Check each line of the material. Copy those containing "Item".

• _Data for this task_
%%

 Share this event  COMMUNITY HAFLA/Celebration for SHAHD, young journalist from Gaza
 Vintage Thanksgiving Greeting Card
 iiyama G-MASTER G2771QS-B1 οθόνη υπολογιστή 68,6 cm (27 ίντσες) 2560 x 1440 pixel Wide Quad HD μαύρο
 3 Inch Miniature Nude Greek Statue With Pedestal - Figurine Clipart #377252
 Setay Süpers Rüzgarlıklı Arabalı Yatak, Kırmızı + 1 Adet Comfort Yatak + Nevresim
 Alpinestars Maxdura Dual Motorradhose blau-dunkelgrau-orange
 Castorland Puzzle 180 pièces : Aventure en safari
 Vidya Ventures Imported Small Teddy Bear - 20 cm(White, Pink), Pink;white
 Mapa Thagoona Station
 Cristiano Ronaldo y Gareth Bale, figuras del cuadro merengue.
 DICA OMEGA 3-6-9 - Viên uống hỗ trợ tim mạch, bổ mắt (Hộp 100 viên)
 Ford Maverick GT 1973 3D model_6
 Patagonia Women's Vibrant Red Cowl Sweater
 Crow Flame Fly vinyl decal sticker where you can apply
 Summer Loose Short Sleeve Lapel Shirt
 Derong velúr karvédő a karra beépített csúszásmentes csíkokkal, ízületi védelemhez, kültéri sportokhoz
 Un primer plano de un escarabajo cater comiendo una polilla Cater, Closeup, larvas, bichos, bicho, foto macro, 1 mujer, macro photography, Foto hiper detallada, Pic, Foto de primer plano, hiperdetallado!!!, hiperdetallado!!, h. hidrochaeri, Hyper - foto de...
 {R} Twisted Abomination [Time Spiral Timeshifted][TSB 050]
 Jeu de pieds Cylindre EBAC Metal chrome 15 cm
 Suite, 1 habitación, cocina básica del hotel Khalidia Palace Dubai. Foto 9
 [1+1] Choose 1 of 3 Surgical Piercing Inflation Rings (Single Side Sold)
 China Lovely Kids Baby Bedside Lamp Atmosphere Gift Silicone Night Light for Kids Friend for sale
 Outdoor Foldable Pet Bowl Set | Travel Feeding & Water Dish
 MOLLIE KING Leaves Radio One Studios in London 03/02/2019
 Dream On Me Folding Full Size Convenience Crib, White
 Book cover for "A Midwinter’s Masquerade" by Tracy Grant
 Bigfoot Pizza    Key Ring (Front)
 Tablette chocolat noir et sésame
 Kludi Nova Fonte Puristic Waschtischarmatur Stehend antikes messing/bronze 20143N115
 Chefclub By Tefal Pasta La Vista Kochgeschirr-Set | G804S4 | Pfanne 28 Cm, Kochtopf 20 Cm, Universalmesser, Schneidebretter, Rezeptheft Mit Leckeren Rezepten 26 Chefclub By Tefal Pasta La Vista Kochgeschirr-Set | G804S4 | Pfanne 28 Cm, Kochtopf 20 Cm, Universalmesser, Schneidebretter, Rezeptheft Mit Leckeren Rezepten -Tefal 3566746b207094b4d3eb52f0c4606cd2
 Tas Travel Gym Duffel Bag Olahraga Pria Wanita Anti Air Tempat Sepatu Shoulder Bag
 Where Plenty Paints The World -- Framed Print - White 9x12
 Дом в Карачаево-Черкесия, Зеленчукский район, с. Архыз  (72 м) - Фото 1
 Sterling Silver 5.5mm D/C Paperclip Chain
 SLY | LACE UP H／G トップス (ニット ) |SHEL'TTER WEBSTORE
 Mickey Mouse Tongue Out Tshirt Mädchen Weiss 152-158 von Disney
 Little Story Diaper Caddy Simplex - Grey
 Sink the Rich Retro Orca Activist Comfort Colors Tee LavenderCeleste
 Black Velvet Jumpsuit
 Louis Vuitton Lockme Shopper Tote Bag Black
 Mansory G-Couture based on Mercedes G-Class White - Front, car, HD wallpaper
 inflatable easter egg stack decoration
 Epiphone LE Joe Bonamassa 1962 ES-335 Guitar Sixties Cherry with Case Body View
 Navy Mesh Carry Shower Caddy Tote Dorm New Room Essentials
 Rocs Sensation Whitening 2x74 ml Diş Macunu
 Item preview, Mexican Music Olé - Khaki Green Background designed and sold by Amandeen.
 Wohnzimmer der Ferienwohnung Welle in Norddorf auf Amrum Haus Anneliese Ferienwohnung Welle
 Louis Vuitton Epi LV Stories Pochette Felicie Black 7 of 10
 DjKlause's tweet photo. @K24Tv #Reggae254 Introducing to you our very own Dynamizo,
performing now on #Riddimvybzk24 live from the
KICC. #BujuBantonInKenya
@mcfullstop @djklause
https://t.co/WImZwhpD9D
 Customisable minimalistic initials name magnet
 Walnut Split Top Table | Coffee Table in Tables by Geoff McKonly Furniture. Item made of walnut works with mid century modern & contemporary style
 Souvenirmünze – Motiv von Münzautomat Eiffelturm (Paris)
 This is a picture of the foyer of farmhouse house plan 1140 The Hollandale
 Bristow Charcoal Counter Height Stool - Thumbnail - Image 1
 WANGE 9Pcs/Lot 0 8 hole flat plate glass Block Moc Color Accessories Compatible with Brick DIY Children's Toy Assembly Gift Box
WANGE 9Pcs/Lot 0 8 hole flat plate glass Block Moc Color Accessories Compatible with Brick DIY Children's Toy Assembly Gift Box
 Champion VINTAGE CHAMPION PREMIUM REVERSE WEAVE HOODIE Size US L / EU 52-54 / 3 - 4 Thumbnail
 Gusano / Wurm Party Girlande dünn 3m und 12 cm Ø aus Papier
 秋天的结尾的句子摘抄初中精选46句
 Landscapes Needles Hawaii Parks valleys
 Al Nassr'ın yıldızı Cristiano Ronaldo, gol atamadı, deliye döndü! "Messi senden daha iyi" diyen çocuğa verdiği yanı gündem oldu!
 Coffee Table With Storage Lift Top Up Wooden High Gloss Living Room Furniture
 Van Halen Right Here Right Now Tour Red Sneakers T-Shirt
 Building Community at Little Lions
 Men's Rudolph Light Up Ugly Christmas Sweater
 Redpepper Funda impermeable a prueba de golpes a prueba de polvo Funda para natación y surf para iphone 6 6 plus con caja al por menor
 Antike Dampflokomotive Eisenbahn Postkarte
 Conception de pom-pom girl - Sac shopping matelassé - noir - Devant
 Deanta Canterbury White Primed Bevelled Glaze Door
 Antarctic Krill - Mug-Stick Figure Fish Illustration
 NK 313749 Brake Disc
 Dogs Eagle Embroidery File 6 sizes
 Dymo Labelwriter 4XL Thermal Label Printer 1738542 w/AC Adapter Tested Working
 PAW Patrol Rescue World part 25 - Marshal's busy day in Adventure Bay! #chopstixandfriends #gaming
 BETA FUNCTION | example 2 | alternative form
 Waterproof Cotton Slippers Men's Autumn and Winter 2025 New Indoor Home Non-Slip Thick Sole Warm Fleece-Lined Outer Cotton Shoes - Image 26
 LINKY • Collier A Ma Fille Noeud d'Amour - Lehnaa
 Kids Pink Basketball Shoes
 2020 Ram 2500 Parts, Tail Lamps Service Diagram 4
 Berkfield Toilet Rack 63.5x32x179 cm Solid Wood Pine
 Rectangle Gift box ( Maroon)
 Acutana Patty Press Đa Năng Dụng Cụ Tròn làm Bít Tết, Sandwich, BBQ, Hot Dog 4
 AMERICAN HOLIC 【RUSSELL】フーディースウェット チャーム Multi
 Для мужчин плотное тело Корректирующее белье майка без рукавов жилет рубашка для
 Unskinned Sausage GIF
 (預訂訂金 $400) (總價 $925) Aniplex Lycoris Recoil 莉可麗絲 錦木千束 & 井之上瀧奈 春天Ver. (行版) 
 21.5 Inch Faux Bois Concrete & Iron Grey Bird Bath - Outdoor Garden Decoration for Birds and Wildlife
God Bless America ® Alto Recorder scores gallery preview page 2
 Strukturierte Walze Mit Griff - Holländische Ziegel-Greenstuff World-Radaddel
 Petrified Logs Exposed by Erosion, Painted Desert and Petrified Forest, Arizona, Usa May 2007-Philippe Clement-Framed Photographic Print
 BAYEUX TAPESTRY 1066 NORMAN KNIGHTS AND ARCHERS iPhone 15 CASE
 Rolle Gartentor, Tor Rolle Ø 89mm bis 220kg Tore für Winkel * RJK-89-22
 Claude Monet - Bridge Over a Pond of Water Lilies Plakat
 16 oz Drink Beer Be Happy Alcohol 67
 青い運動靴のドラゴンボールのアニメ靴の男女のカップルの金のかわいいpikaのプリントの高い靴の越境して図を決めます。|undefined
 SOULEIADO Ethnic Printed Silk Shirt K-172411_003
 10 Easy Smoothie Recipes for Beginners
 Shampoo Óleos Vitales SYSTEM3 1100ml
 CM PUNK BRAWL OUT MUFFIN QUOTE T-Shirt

%%

• _Answer to this problem_
 Item preview, Mexican Music Olé - Khaki Green Background designed and sold by Amandeen.
 Walnut Split Top Table | Coffee Table in Tables by Geoff McKonly Furniture. Item made of walnut works with mid century modern & contemporary style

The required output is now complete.